#### Required action:
Copy out the entries below in full and exactly.

*** Supplied data Section Begins ***

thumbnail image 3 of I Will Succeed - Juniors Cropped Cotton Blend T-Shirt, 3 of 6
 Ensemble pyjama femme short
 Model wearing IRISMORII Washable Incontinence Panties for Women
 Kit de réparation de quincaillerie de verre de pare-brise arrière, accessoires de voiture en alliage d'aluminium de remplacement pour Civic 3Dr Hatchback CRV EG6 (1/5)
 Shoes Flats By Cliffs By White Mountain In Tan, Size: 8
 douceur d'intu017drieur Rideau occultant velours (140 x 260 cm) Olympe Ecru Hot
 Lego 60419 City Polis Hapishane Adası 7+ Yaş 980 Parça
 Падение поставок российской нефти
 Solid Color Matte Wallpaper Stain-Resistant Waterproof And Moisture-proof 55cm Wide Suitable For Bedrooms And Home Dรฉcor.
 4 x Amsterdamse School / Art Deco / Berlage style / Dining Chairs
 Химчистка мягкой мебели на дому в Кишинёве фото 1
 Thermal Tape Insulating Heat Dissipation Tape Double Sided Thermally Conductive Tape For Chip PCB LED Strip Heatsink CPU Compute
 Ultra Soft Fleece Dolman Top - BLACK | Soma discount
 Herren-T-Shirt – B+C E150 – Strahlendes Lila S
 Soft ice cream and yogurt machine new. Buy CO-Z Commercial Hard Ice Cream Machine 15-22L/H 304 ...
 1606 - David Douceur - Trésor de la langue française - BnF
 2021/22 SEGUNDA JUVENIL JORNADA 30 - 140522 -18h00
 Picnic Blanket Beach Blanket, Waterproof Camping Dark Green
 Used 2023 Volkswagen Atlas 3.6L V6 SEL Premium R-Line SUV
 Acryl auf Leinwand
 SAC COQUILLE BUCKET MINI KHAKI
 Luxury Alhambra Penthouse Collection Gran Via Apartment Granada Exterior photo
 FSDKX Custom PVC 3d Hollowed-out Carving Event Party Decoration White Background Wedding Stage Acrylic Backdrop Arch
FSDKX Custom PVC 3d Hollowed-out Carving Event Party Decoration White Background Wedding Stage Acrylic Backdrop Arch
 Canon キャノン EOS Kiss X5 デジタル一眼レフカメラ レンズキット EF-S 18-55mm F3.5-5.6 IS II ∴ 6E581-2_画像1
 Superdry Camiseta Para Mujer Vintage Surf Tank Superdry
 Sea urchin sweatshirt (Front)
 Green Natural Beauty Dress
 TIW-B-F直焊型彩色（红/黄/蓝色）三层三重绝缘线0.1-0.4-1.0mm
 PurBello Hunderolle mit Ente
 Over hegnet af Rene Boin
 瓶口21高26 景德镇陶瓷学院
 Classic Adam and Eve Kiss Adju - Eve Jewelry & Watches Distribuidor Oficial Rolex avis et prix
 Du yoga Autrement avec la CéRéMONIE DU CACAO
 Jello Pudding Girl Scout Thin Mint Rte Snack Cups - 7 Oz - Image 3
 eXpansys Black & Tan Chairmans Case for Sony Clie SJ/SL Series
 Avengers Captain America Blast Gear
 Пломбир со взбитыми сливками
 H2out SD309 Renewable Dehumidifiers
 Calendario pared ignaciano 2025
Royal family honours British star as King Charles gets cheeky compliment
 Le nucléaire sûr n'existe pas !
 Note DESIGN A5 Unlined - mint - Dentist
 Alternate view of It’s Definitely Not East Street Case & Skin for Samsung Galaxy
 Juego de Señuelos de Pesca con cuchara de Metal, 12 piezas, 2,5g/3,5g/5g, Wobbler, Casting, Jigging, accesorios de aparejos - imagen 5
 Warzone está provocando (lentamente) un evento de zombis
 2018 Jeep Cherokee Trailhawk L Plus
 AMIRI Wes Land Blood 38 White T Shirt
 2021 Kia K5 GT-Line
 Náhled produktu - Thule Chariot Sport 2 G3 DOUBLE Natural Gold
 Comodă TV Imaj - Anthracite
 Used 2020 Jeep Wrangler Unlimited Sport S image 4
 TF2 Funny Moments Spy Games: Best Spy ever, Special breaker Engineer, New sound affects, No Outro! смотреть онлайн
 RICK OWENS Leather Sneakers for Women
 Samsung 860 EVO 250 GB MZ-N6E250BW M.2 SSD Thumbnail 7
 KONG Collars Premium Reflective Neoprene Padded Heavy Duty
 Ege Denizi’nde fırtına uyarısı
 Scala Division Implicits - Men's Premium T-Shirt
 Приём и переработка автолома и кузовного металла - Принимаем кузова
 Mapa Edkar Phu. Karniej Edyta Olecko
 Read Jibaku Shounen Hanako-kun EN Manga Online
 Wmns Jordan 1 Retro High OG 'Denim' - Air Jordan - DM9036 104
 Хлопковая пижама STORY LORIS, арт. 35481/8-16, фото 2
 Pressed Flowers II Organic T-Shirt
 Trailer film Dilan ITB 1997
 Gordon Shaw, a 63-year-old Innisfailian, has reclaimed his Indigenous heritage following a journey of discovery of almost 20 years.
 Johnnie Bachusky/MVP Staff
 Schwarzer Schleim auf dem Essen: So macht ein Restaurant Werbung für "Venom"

*** Supplied data Section Ends ***

#### Response to this task:
thumbnail image 3 of I Will Succeed - Juniors Cropped Cotton Blend T-Shirt, 3 of 6
 Ensemble pyjama femme short
 Model wearing IRISMORII Washable Incontinence Panties for Women
 Kit de réparation de quincaillerie de verre de pare-brise arrière, accessoires de voiture en alliage d'aluminium de remplacement pour Civic 3Dr Hatchback CRV EG6 (1/5)
 Shoes Flats By Cliffs By White Mountain In Tan, Size: 8
 douceur d'intu017drieur Rideau occultant velours (140 x 260 cm) Olympe Ecru Hot
 Lego 60419 City Polis Hapishane Adası 7+ Yaş 980 Parça
 Падение поставок российской нефти
 Solid Color Matte Wallpaper Stain-Resistant Waterproof And Moisture-proof 55cm Wide Suitable For Bedrooms And Home Dรฉcor.
 4 x Amsterdamse School / Art Deco / Berlage style / Dining Chairs
 Химчистка мягкой мебели на дому в Кишинёве фото 1
 Thermal Tape Insulating Heat Dissipation Tape Double Sided Thermally Conductive Tape For Chip PCB LED Strip Heatsink CPU Compute
 Ultra Soft Fleece Dolman Top - BLACK | Soma discount
 Herren-T-Shirt – B+C E150 – Strahlendes Lila S
 Soft ice cream and yogurt machine new. Buy CO-Z Commercial Hard Ice Cream Machine 15-22L/H 304 ...
 1606 - David Douceur - Trésor de la langue française - BnF
 2021/22 SEGUNDA JUVENIL JORNADA 30 - 140522 -18h00
 Picnic Blanket Beach Blanket, Waterproof Camping Dark Green
 Used 2023 Volkswagen Atlas 3.6L V6 SEL Premium R-Line SUV
 Acryl auf Leinwand
 SAC COQUILLE BUCKET MINI KHAKI
 Luxury Alhambra Penthouse Collection Gran Via Apartment Granada Exterior photo
 FSDKX Custom PVC 3d Hollowed-out Carving Event Party Decoration White Background Wedding Stage Acrylic Backdrop Arch
FSDKX Custom PVC 3d Hollowed-out Carving Event Party Decoration White Background Wedding Stage Acrylic Backdrop Arch
 Canon キャノン EOS Kiss X5 デジタル一眼レフカメラ レンズキット EF-S 18-55mm F3.5-5.6 IS II ∴ 6E581-2_画像1
 Superdry Camiseta Para Mujer Vintage Surf Tank Superdry
 Sea urchin sweatshirt (Front)
 Green Natural Beauty Dress
 TIW-B-F直焊型彩色（红/黄/蓝色）三层三重绝缘线0.1-0.4-1.0mm
 PurBello Hunderolle mit Ente
 Over hegnet af Rene Boin
 瓶口21高26 景德镇陶瓷学院
 Classic Adam and Eve Kiss Adju - Eve Jewelry & Watches Distribuidor Oficial Rolex avis et prix
 Du yoga Autrement avec la CéRéMONIE DU CACAO
 Jello Pudding Girl Scout Thin Mint Rte Snack Cups - 7 Oz - Image 3
 eXpansys Black & Tan Chairmans Case for Sony Clie SJ/SL Series
 Avengers Captain America Blast Gear
 Пломбир со взбитыми сливками
 H2out SD309 Renewable Dehumidifiers
 Calendario pared ignaciano 2025
Royal family honours British star as King Charles gets cheeky compliment
 Le nucléaire sûr n'existe pas !
 Note DESIGN A5 Unlined - mint - Dentist
 Alternate view of It’s Definitely Not East Street Case & Skin for Samsung Galaxy
 Juego de Señuelos de Pesca con cuchara de Metal, 12 piezas, 2,5g/3,5g/5g, Wobbler, Casting, Jigging, accesorios de aparejos - imagen 5
 Warzone está provocando (lentamente) un evento de zombis
 2018 Jeep Cherokee Trailhawk L Plus
 AMIRI Wes Land Blood 38 White T Shirt
 2021 Kia K5 GT-Line
 Náhled produktu - Thule Chariot Sport 2 G3 DOUBLE Natural Gold
 Comodă TV Imaj - Anthracite
 Used 2020 Jeep Wrangler Unlimited Sport S image 4
 TF2 Funny Moments Spy Games: Best Spy ever, Special breaker Engineer, New sound affects, No Outro! смотреть онлайн
 RICK OWENS Leather Sneakers for Women
 Samsung 860 EVO 250 GB MZ-N6E250BW M.2 SSD Thumbnail 7
 KONG Collars Premium Reflective Neoprene Padded Heavy Duty
 Ege Denizi’nde fırtına uyarısı
 Scala Division Implicits - Men's Premium T-Shirt
 Приём и переработка автолома и кузовного металла - Принимаем кузова
 Mapa Edkar Phu. Karniej Edyta Olecko
 Read Jibaku Shounen Hanako-kun EN Manga Online
 Wmns Jordan 1 Retro High OG 'Denim' - Air Jordan - DM9036 104
 Хлопковая пижама STORY LORIS, арт. 35481/8-16, фото 2
 Pressed Flowers II Organic T-Shirt
 Trailer film Dilan ITB 1997
 Gordon Shaw, a 63-year-old Innisfailian, has reclaimed his Indigenous heritage following a journey of discovery of almost 20 years.
 Johnnie Bachusky/MVP Staff
 Schwarzer Schleim auf dem Essen: So macht ein Restaurant Werbung für "Venom"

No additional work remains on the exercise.